What to work on:
Restate all entries exactly. Skip the images.
**** Input data ****
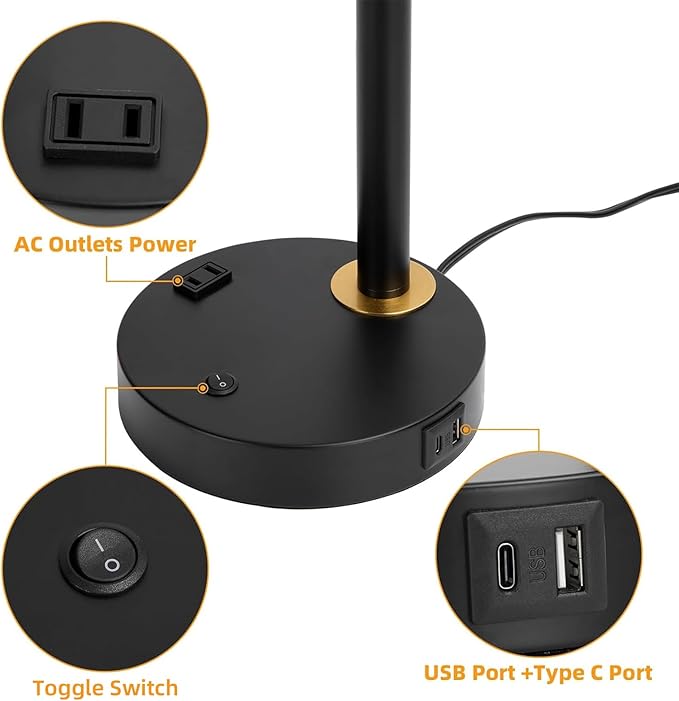 Desk Lamp - Heavy Duty Metal Task Light, USB-C & AC Outlet, Easy Assembly with Cord Guide, Adjustable Head for Office Home Study, Matte Black & Brushed Brass (Bulb Not Included)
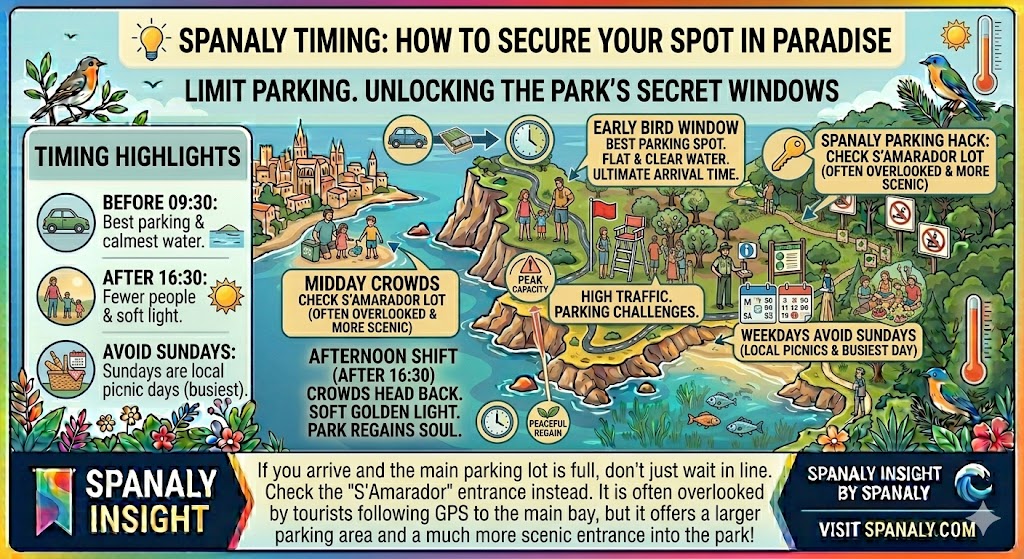 Infographic showing the best time to visit Cala Mondragó, featuring early bird windows, afternoon shifts, and weekend vs weekday advice.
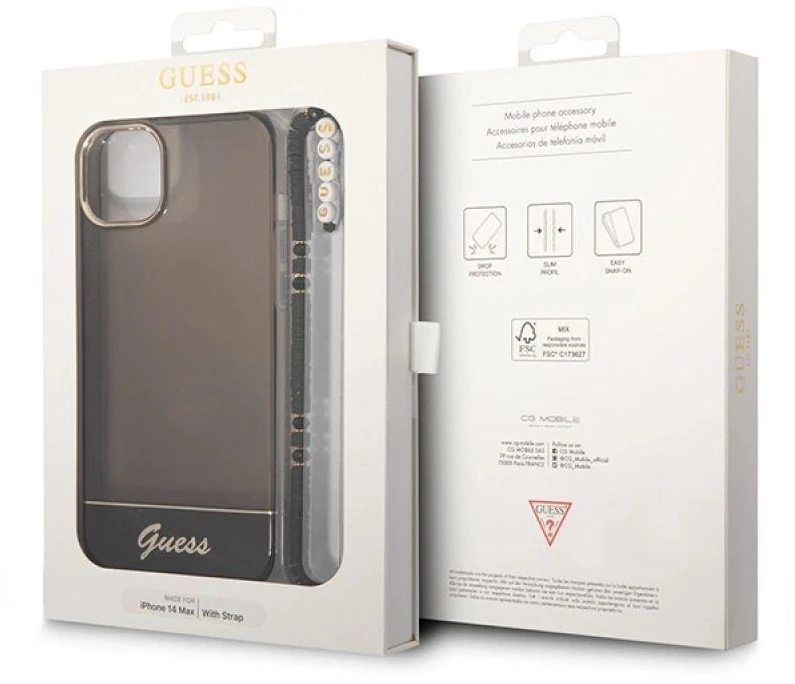 Dėklas Guess GUHCP14SHGCOHK Apple iPhone 14 / 15 / 13 6.1″ juodos spalvos hardcase Translucent Pearl Strap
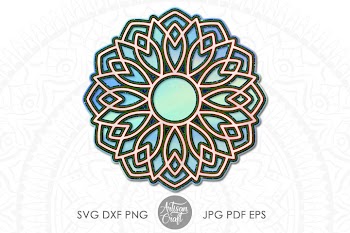 3D Layered mandala SVG, 3D paper sculpture, layered vinyl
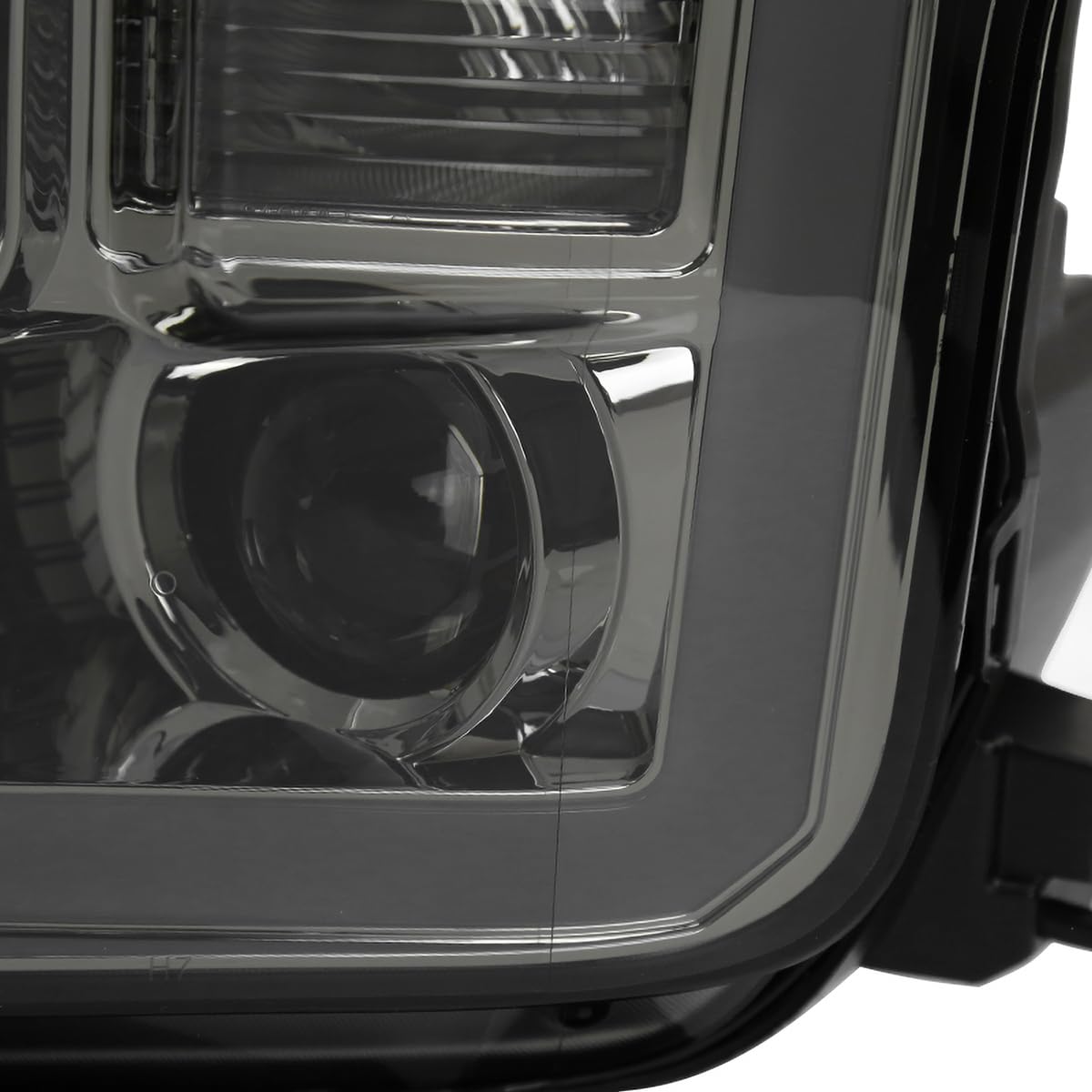 Smoke SPEC-D TUNING Projector Headlights w/LED Light Bar Compatible with 2015-2017 Ford F-150, Left + Right Pair Headlamps Assembly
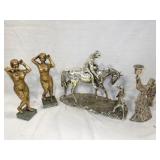 Figurines, Silver Toned & Brass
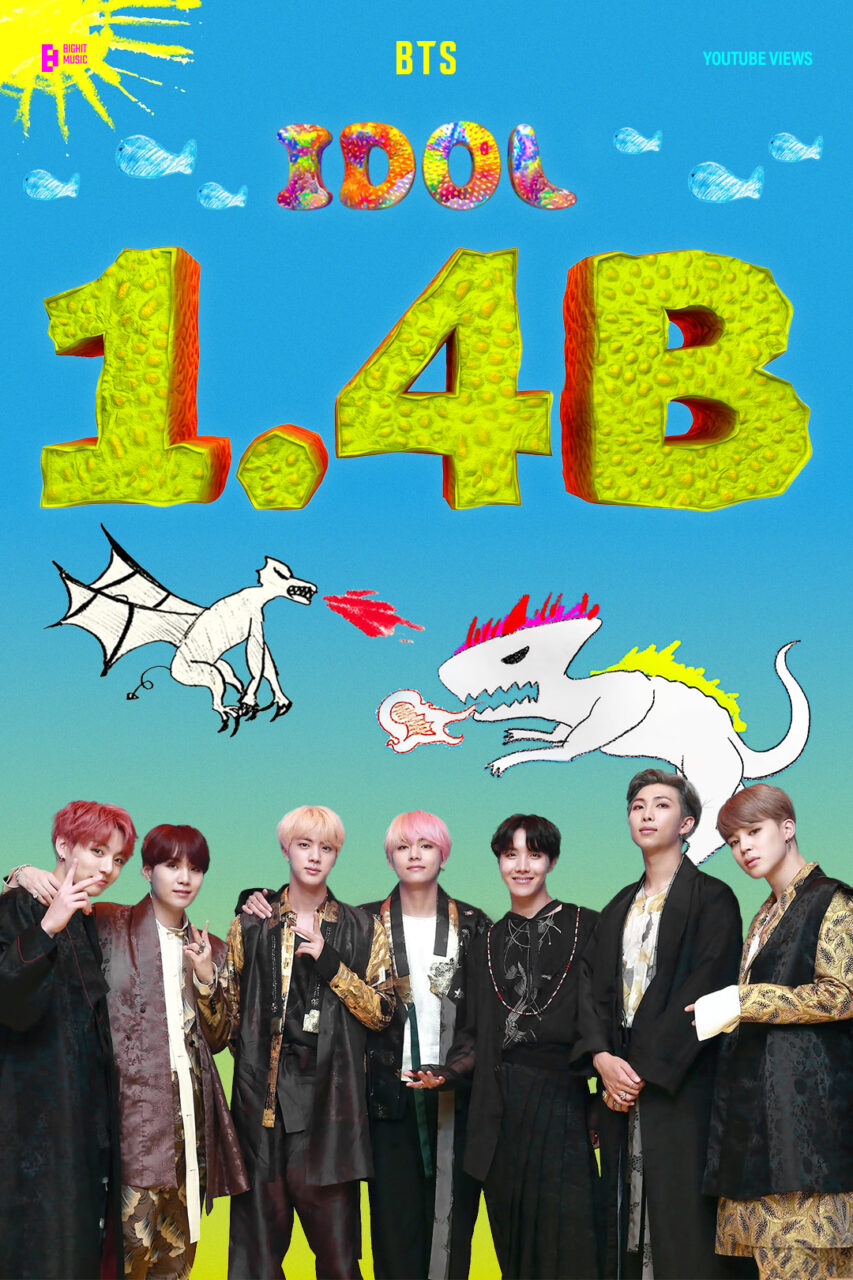 방탄소년단 리패키지 앨범 'IDOL' 뮤직비디오 14억 뷰 돌파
****
Expected answer:
 Desk Lamp - Heavy Duty Metal Task Light, USB-C & AC Outlet, Easy Assembly with Cord Guide, Adjustable Head for Office Home Study, Matte Black & Brushed Brass (Bulb Not Included)
 Infographic showing the best time to visit Cala Mondragó, featuring early bird windows, afternoon shifts, and weekend vs weekday advice.
 Dėklas Guess GUHCP14SHGCOHK Apple iPhone 14 / 15 / 13 6.1″ juodos spalvos hardcase Translucent Pearl Strap
 3D Layered mandala SVG, 3D paper sculpture, layered vinyl
 Smoke SPEC-D TUNING Projector Headlights w/LED Light Bar Compatible with 2015-2017 Ford F-150, Left + Right Pair Headlamps Assembly
 Figurines, Silver Toned & Brass
 방탄소년단 리패키지 앨범 'IDOL' 뮤직비디오 14억 뷰 돌파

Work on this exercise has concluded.